# [Task description]
Please set down exactly the lines from the one containing "Social Security text message bubble, concept background Social" through the last line of the records below, both included, with no pictures.

Pictures with short captions:
>>>>
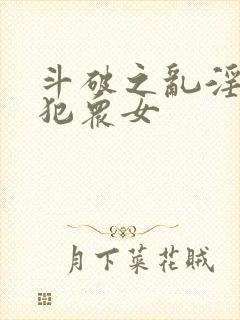 斗破之乱淫h侵犯众女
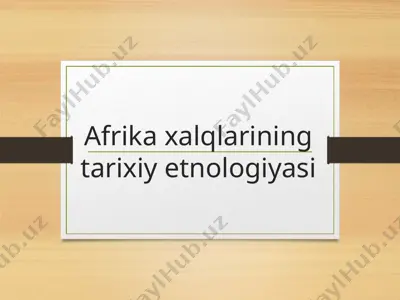 afrika xalqlarining tarixiy etnologiyasi — PPTX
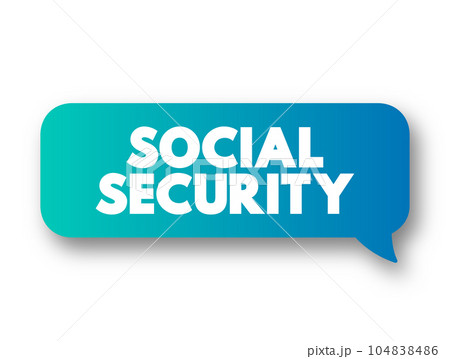 Social Security text message bubble, concept background Social Security text message bubble, concept background 104838486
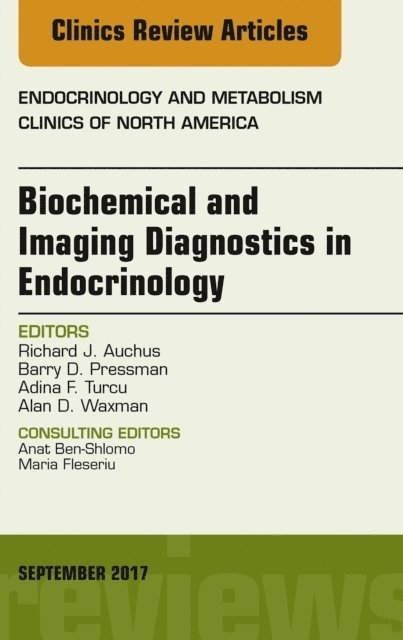 Alan D. Waxman, Adina F. Turcu, Barry D. Pressman, Richard J. Auchus - Biochemical and Imaging Diagnostics in Endocrinology, An Issue of Endocrinology and Metabolism Clinics of North America, E-bok
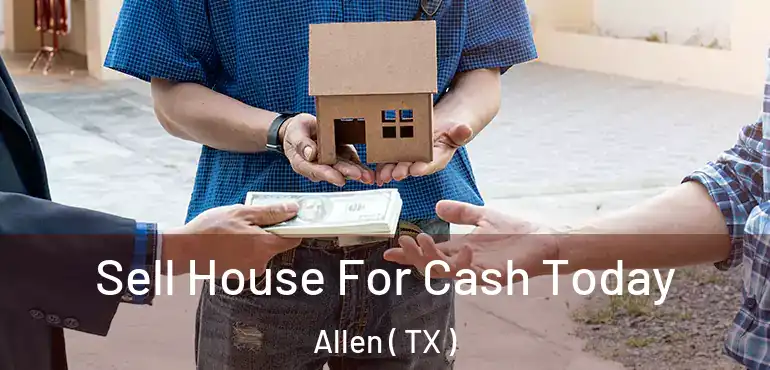  Sell House For Cash Today Allen ( TX )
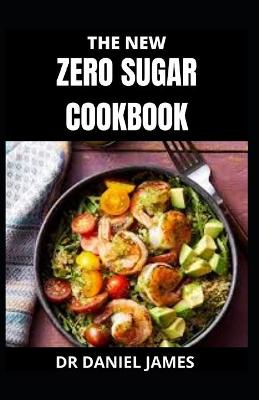 Book cover for The New Zero Sugar Cookbook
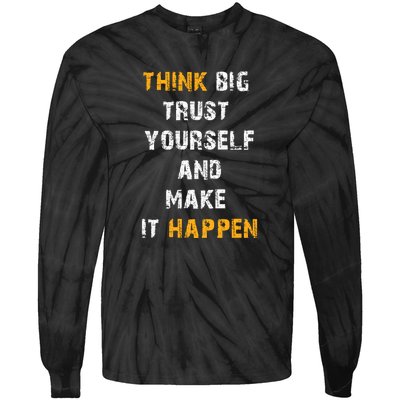 Think Big Trust Yourself And Make It Happen Tie-Dye Long Sleeve Shirt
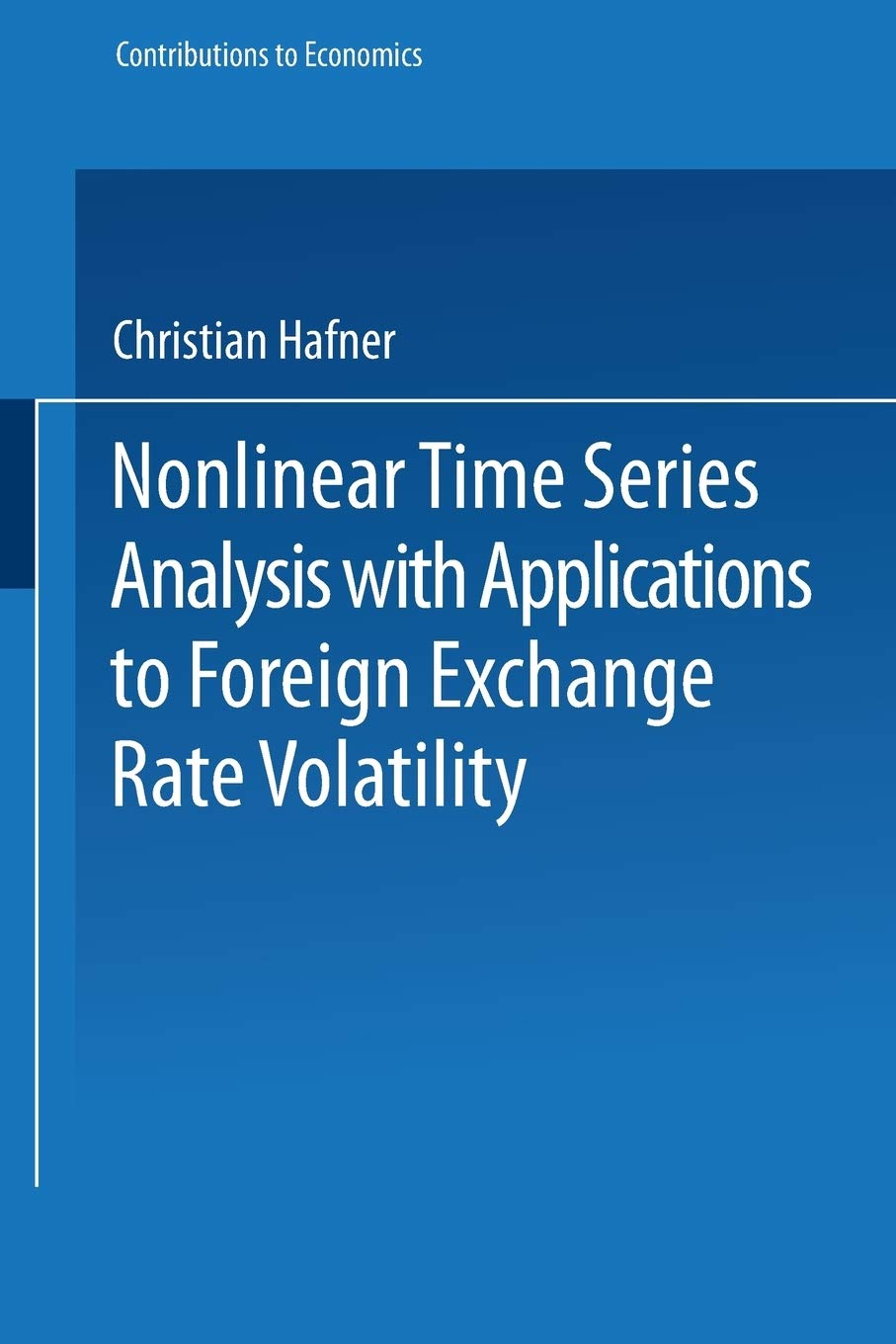 Nonlinear Time Series Analysis with Applications to Foreign Exchange Rate Volatility (Contributions 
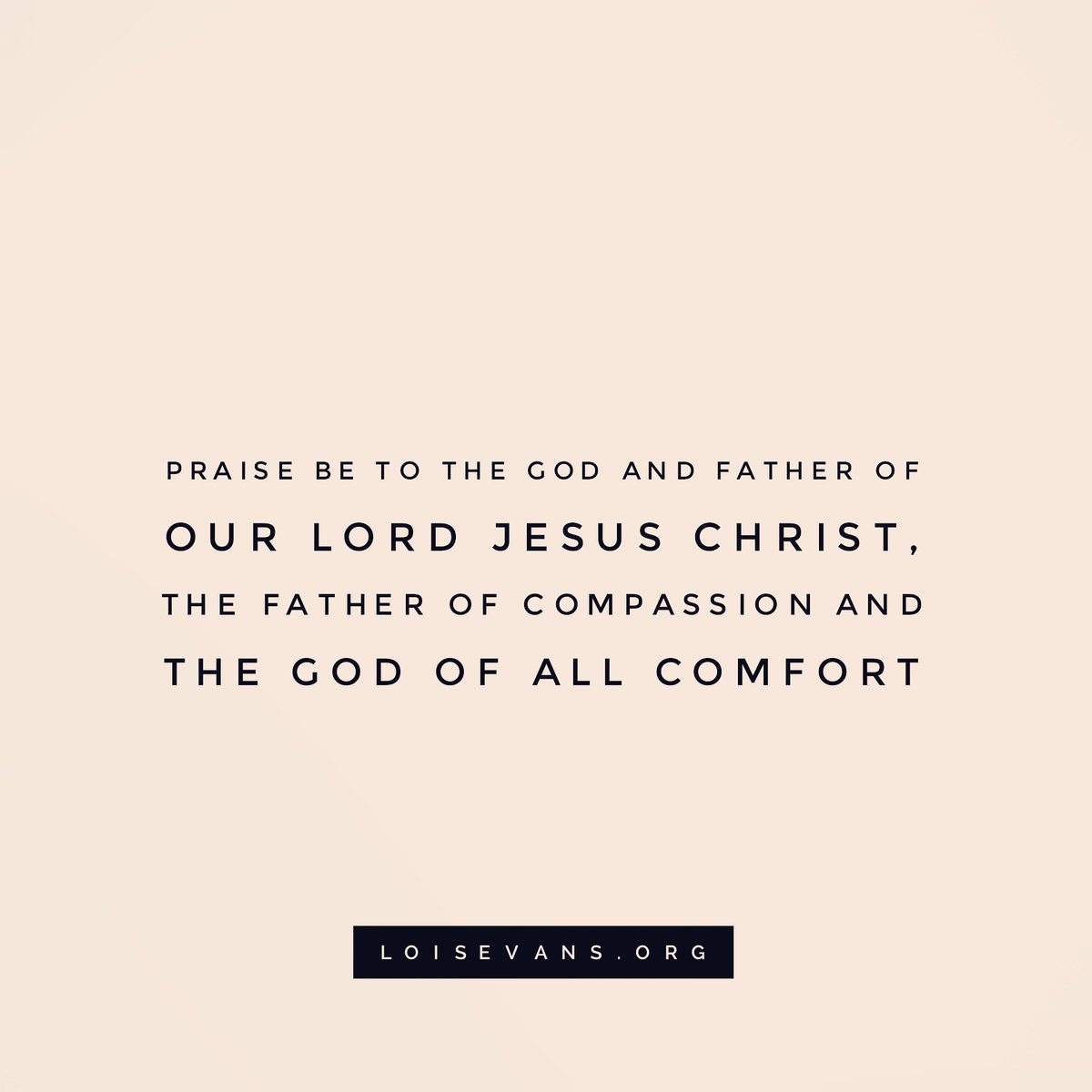 2 Corinthians 1:3-4. Thankful for the God of all comfort.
<<<<
# [Output for this task]
 Social Security text message bubble, concept background Social Security text message bubble, concept background 104838486
 Alan D. Waxman, Adina F. Turcu, Barry D. Pressman, Richard J. Auchus - Biochemical and Imaging Diagnostics in Endocrinology, An Issue of Endocrinology and Metabolism Clinics of North America, E-bok
  Sell House For Cash Today Allen ( TX )
 Book cover for The New Zero Sugar Cookbook
 Think Big Trust Yourself And Make It Happen Tie-Dye Long Sleeve Shirt
 Nonlinear Time Series Analysis with Applications to Foreign Exchange Rate Volatility (Contributions 
 2 Corinthians 1:3-4. Thankful for the God of all comfort.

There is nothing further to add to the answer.